Students Return from Peru

On March 9th, six GDCI students left the snow and cold of Canada for the heat of the Peruvian Amazon. There they spent two weeks surveying river dolphins, macaws, monkeys, caiman, game birds, bats, fish, frogs and shore birds to contribute data to research being done by Dr. Richard Bodmer.

Mikayla Skyring, Nikki Marion-McMahon, Ashley Leis, Maddy Hill, Jack Little and Jaedon O’Neill joined teacher Melanie Ball on the Operation Wallacea trip. Operation Wallacea works with researchers around the world to match their scientific projects with students interested in international ecological research.

Dr. Bodmer, professor of Conservation Ecology at the DICE School of Anthropology and Conservation, Canterbury, Kent and president of FundAmazonia has been working with students in the Peruvian Amazon since the 80’s and Operation Wallacea since 2007. In that time he has seen over 50% of the Loretto Province (which encompasses the Peruvian Amazon) become protected and managed as community based reserves and national reserves. These positive changes have resulted from years of data collection and analysis by researchers and students, community desire for ecological management, and governmental support.

Throughout the trip students worked on three different surveys each day in small groups with students from two other participating Ontario high schools. In between they attended lectures by Dr. Bodmer on Rio Amazonas, survey techniques, and Amazon ecology and conservation. Lectures were also given by Chloe Metcalfe, OpWall lecturer and PhD candidate at London NERC DTP on taxonomy, the species of the Amazon, survey methods, and ecological concerns.

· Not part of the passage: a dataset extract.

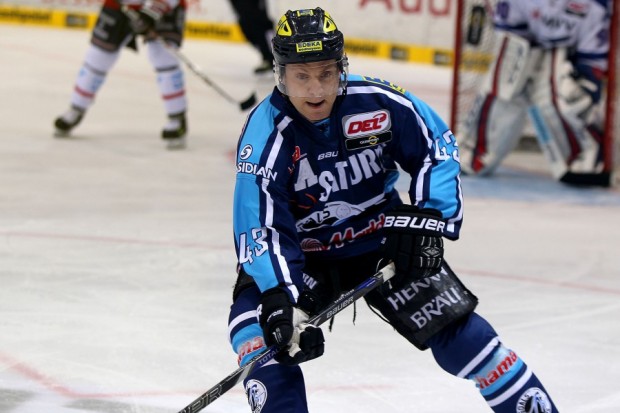 Derek Hahn belohnte sich für sein tolles Spiel mit dem 3:1. Foto: Jürgen Meyer – www.kbumm.de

One favourite moment was visiting two local villages, seeing their homes, way of life, and playing games with the children. These visits are important to the research projects as it helps get local communities interested in the research and eventually involved in the projects. Several of our guides are hired from the local villages.

Other favourites were seeing owls, bats, yellow and blue macaws, sloths, pink river dolphins, caiman, and getting random cellular service for a quick contact home!

The trip ended with presentations by each group summarizing their experiences which included a 12 days of Peru song, sounds of the Rainforest, rainforest hangman, Amazon Pictionary, and staff appreciation speeches.

They all say this trip to the Amazon changed them and they hope it changes you someday too.